Coluna semanal do jornalista, doutor em Comunicação Social e professor Oswaldo Coimbra
A inclemência de Roberto Carlos em relação ao escritor Paulo César de Araújo se tornou um escândalo internacional. Chegou até àqueles países dos continentes americanos e europeus nos quais o cantor se tornou conhecido, ao longo de sua duradoura carreira. O caso é muito conhecido: Araújo durante 14 anos pesquisou a vida e a trajetória artística do artista. Depois escreveu “Roberto Carlos em detalhes” considerado um trabalho sério, produzido com o talento dos bons escritores, através do qual seu autor expressou de modo intenso e profundo indisfarçável admiração pelo cantor. Roberto, no entanto, não aceitou a obra. E montou uma grande, e cara, equipe de advogados para impedir a venda dela. A alegação de Roberto: Araújo quis se apropriar da história dele. Alegação obviamente despropositada. Pois poucas pessoas públicas de nosso país tem, como Roberto, uma história tão minuciosamente acompanhada, passo a passo, há mais de meio século, nos espaços de inúmeros órgãos de comunicação de massa.
No desenrolar deste caso a cena mais dramática ocorreu num prédio do Tribunal de Justiça de São Paulo, no bairro da Barra Funda. Numa audiência de conciliação, a equipe de advogados de Roberto forçou e conseguiu que a Editora Planeta, responsável pela publicação do livro de Araújo, aceitasse a proibição de voltar aquela obra. E mais: a editora foi obrigada a entregar para Roberto os 10.000 exemplares dela que ainda tinha estocado. Os já distribuídos teriam de ser recomprados pela editora e igualmente entregues ao cantor. Quando aquele acordo esdrúxulo foi assinado, o escritor despencou da frágil situação de equilíbrio psicológico em que tentava se manter, desde o início daquele caso. Diante de Roberto, dos advogados e do juiz, ele chorou convulsivamente.
Tornara-se evidente para Araújo o contraste entre Roberto Carlos estudado por ele – o cantor de timbre moderno e repertório irregular, para muitos, o melhor retrato da alma brasileira – e o homem real colocado ali na frente dele desnudo, naquele Tribunal de Justiça, na sua obsessão em perseguir aquela pesquisa.
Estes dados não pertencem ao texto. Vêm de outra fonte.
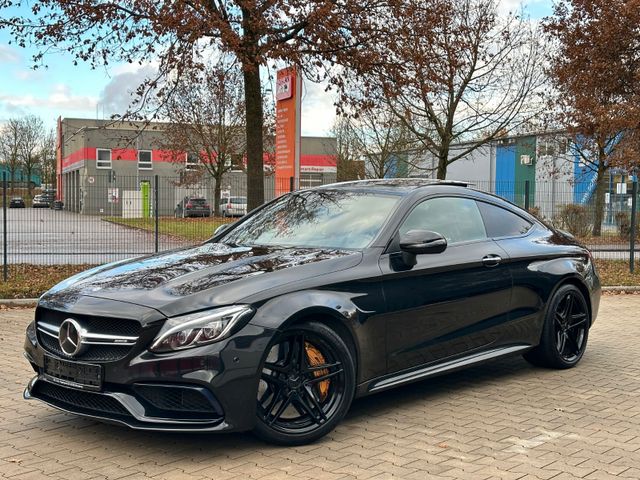 Mercedes-Benz C63S AMG COUPE HUD PANO KERAMIK PERF SITZE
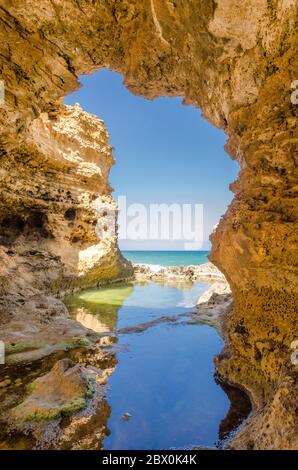 Vue à travers le tunnel naturel de la Grotto, près de Port Campbell, Shipwreck Coast, Great Ocean Road, Victoria, Australie Banque D'Images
Desde aquele dia, o tempo transcorrido tornou claro o seguinte: nem Araújo, nem Roberto mudaram, desde então. Araújo escreveu outro livro, desta vez dedicado exclusivamente à reconstituição do que aconteceu com aquela sua pesquisa, intitulado “O réu e o rei”. Nele, mais uma vez, ele revelou seu valor como pesquisador e como escritor. Todos os episódios que revelaram a firme intolerância de Roberto foram incluídos neste novo livro. Mas, surpreendentemente, Araújo continuou tratando Roberto como seu maior ídolo. Por seu lado, Roberto teve de suportar todo tipo de pressão para a obra de Araújo fosse liberada por ele. Desde seus amigos mais próximos até a imprensa, do Brasil e de outros países cobraram esta atitude dele. E nada o moveu até aqui.
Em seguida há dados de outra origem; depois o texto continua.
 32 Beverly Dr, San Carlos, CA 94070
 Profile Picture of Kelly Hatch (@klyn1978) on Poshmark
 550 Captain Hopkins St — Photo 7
O que isto significa? Araújo – é óbvio – precisa continuar cultivando o sentimento de admiração por Roberto que o levou a uma dolorosíssima frustração. Mas, que, ao mesmo tempo, o estimulou a escrever os dois livros com os quais se firmou definitivamente no ambiente intelectual do Brasil, como escritor respeitável. De outro lado – é óbvio também -, o conhecido comportamento obsessivo-compulsivo de Roberto Carlos, manifestado por inúmeras implicâncias dele com cores, números, palavras, é despertado quando sua biografia está em discussão.
Dois seres humanos, num conflito insuperável. Ambos, como os demais, marcados por seus sinais característicos. De fragilidade e grandeza.